A Deep Dive into Distributed Checkpointing: Using Orbax with Torchax on TPUs

Last Updated on May 29, 2026 by Editorial Team

Author(s): Pratiksha Patnaik

Originally published on Towards AI.

A Deep Dive into Distributed Checkpointing: Using Orbax with Torchax on TPUs

Training large deep learning models is an exercise in managing risks. Hardware glitches, network drops, spot instance preemption, and sudden cloud infrastructure hiccups can instantly wipe out days of expensive training progress. This is why checkpointing systems are critical.

But as AI models grow, traditional ways of saving progress (checkpointing) can create massive data traffic jams, slowing everything down. If you are using Torchax or keeping an eye on Google’s upcoming native framework, TorchTPU to run your PyTorch projects you need a saving system built for massive scale.
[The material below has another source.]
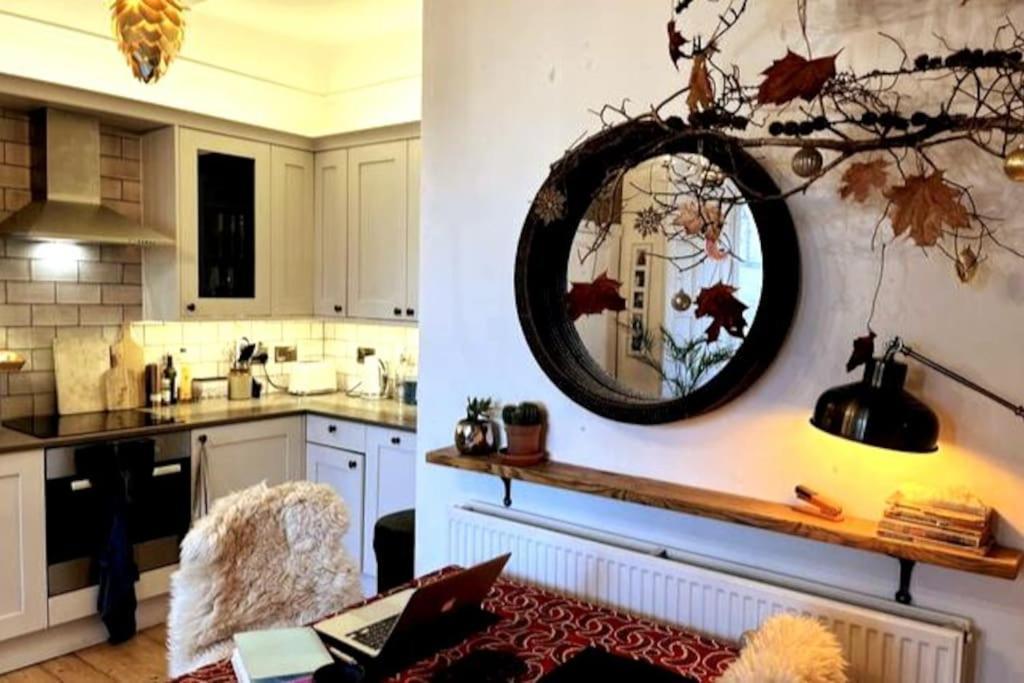 Holyrood Park: Lush & Arty 2 Double Bed Flat Edimburgo Exterior foto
That is where Orbax comes in.

This deep dive focuses on how to use Orbax to build a high performance, automatic recovery system, while also breaking down the inner workings of Torchax and Google’s new native TorchTPU framework.

⚡🌉 What is Torchax?

Historically, AI researchers faced a tough choice: write in PyTorch for its massive ecosystem and easy to use design, or use JAX for its blazing-fast speed on Google’s hardware.

Torchax bridges this gap. It lets you run standard, unmodified PyTorch models directly on top of JAX. By adding just a couple of lines of code torchax.enable_globally() and .to('jax')Torchax automatically translates your PyTorch code into a format JAX understands. This gives you JAX's massive hardware acceleration without making you rewrite your model from scratch.

Google is also building TorchTPU, an upcoming native framework that will make running PyTorch on their chips even more seamless. But whether you use Torchax today or TorchTPU tomorrow, scaling up your training means you need a rock solid way to save your progress without slowing down your hardware. That is exactly why mastering Orbax checkpointing is so critical.

🛣️🔥 The Road Ahead: Enter TorchTPU

While Torchax relies on translation layers to bridge PyTorch and JAX, Google recently unveiled TorchTPU as the future of running PyTorch natively on their hardware. Built to completely eliminate those middleman translation layers, TorchTPU integrates directly into the core PyTorch runtime.

TorchTPU shifts to an “Eager First” philosophy. Instead of forcing you into complex, heavy compilation steps before your code can run, TorchTPU behaves like standard PyTorch. This means you get seamless, step-by-step debugging alongside a breakthrough Fused Eager Mode. This mode watches your PyTorch operations on the fly and automatically groups them together to boost hardware performance by 50% to over 100%. Under the hood, it translates standard PyTorch commands straight into optimized instructions for TPU clusters entirely removing any need for JAX.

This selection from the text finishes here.